DATA SUPPLIED:
■ ■ ■ ■

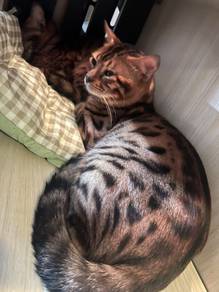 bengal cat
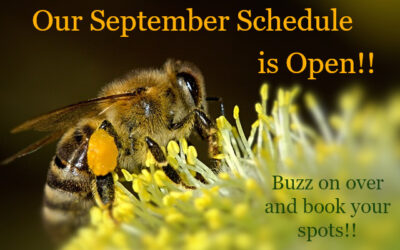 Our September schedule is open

■ ■ ■ ■

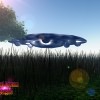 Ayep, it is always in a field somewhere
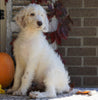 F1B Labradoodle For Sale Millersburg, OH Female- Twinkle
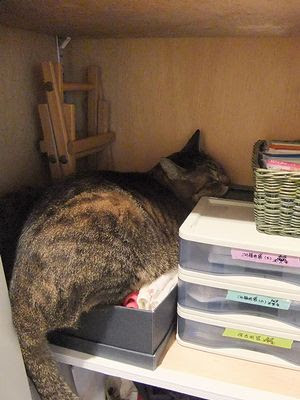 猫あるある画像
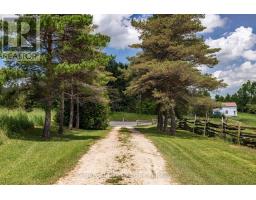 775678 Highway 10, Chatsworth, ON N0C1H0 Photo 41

■ ■ ■ ■

YOUR OBJECTIVE: Find where the line with "F1B Labradoodle For" sits in the material above and where the line with "775678 Highway 10, Chatsworth, ON" sits. Set down exactly the lines from the first to the second, both included and nothing else, without pictures.

ANSWER FOR THE TASK:
 F1B Labradoodle For Sale Millersburg, OH Female- Twinkle
 猫あるある画像
 775678 Highway 10, Chatsworth, ON N0C1H0 Photo 41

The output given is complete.